═════ Data extract ═════

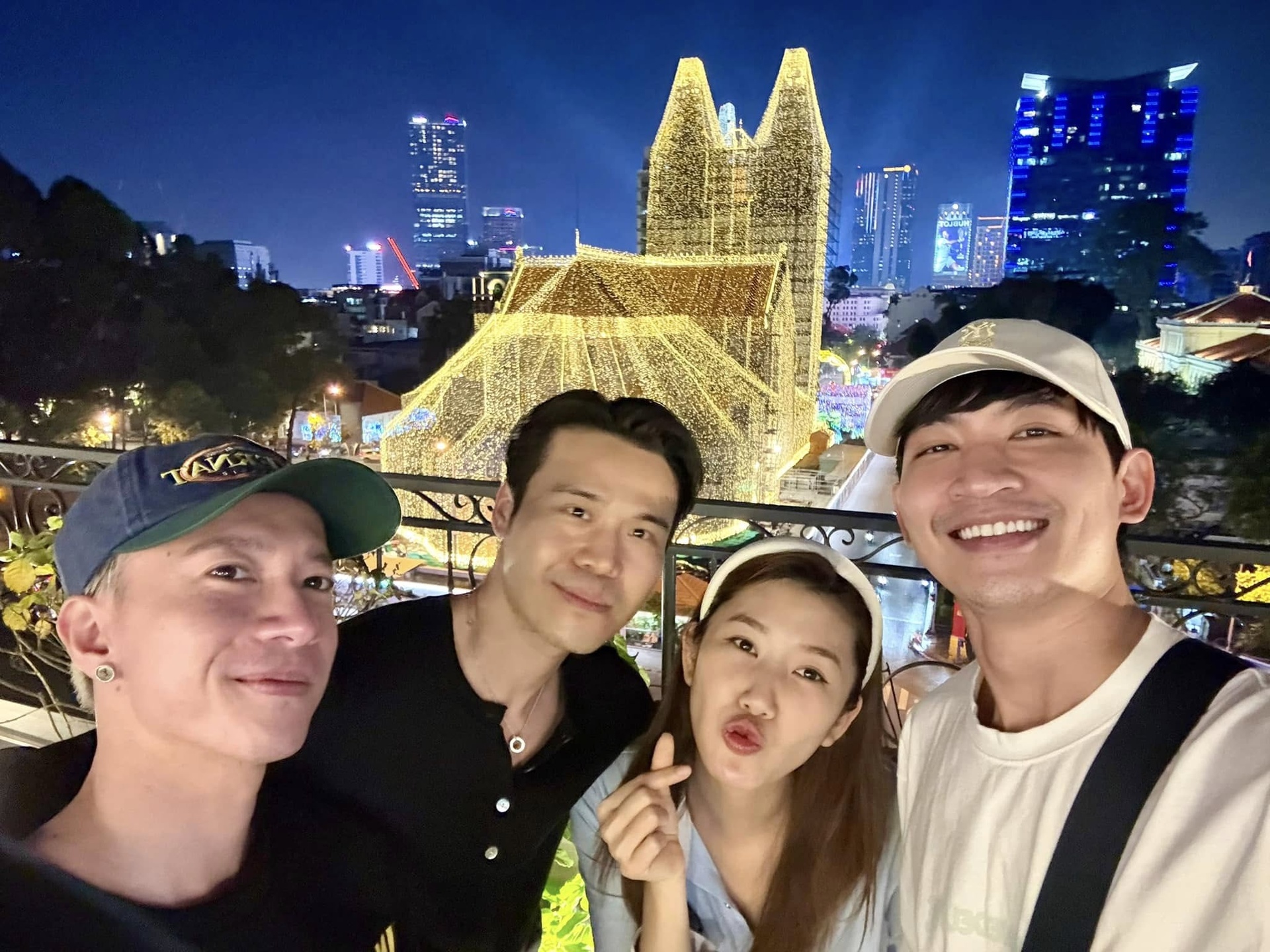 Hội bạn thân đồng loạt an ủi Thúy Ngân vì chia tay với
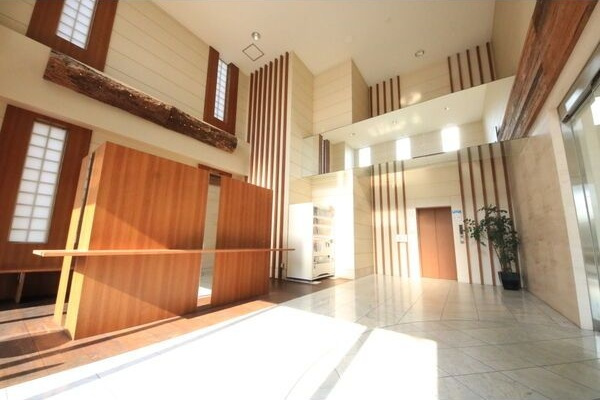 パークフラッツ金山の玄関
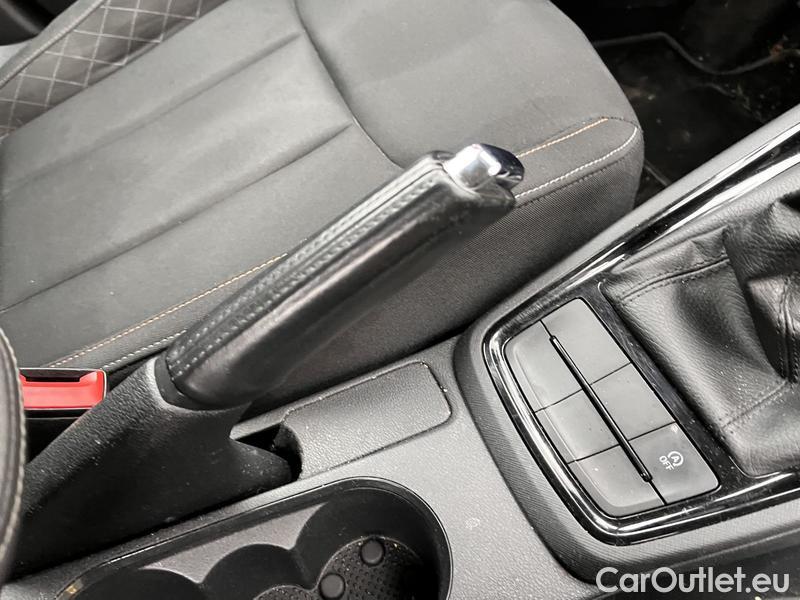  Skoda  Scala  (NW) (2019)  1.0TSI 81 Ambition 5d #9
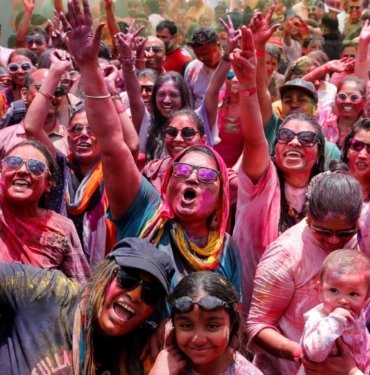 Holi Festivali: Nepal ve Kenya’da baharın gelişi kutlandı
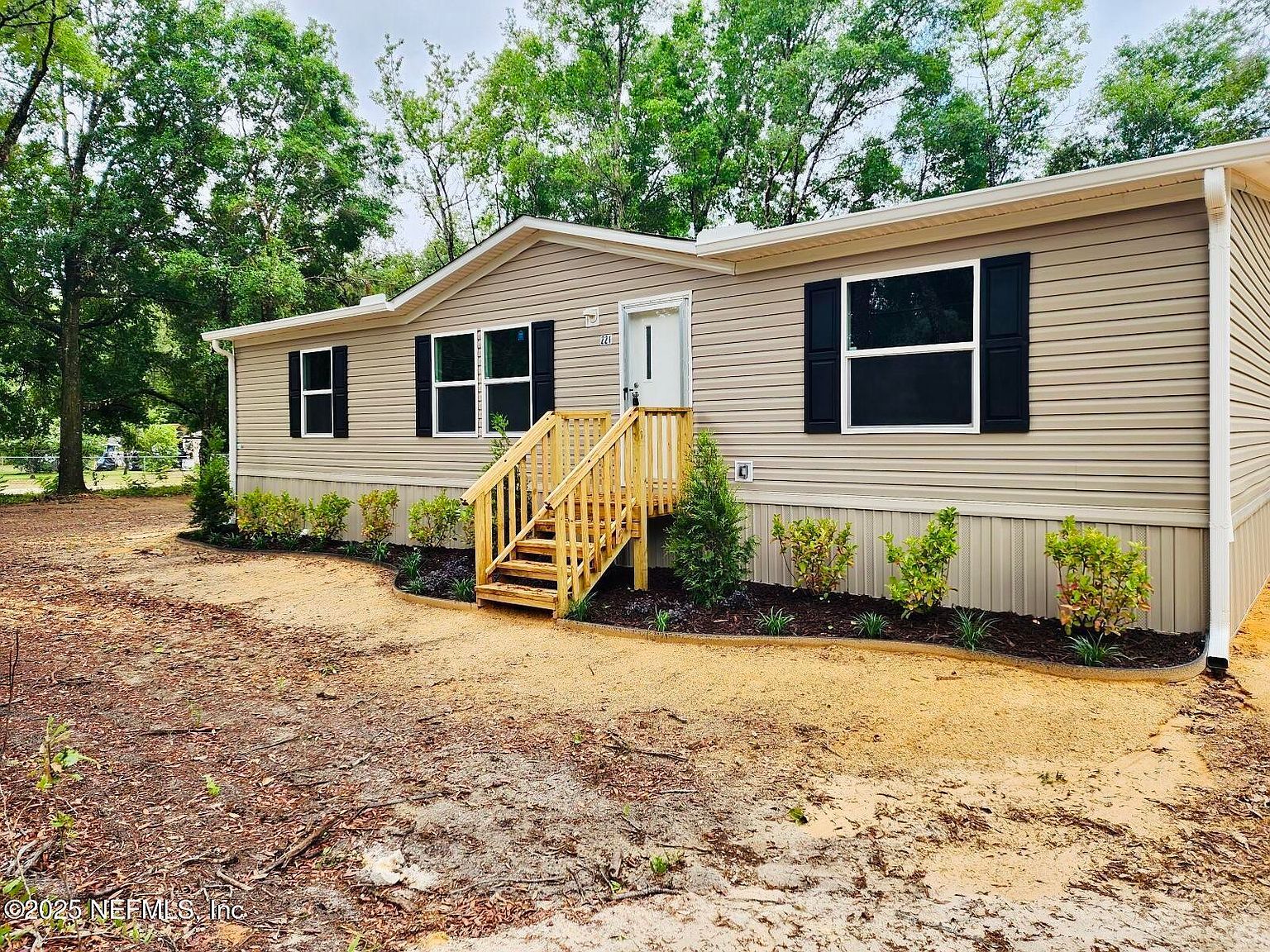 221 Maltas Ave Interlachen, FL 32148 - Thumbnail 3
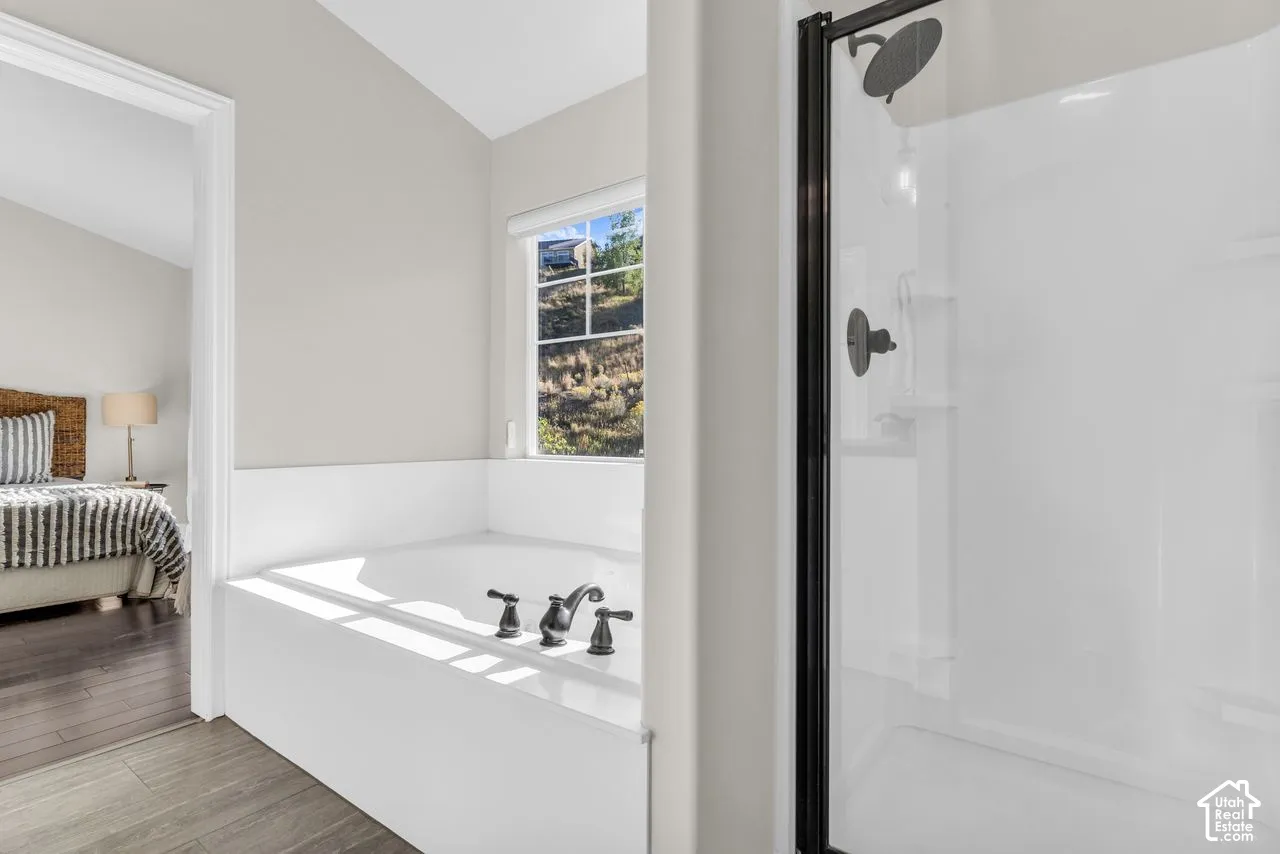Ensuite bath with large soaking tub + separate shower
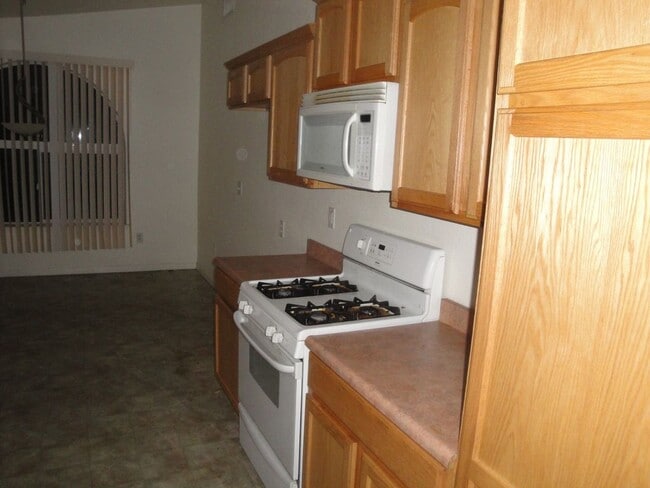property at 1464 Richfield Ave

═════

§ **Description of the task**
Pictures are to be dropped, and every record is to be copied exactly.

§ **Result of the task**
 Hội bạn thân đồng loạt an ủi Thúy Ngân vì chia tay với
 パークフラッツ金山の玄関
  Skoda  Scala  (NW) (2019)  1.0TSI 81 Ambition 5d #9
 Holi Festivali: Nepal ve Kenya’da baharın gelişi kutlandı
 221 Maltas Ave Interlachen, FL 32148 - Thumbnail 3
Ensuite bath with large soaking tub + separate shower
property at 1464 Richfield Ave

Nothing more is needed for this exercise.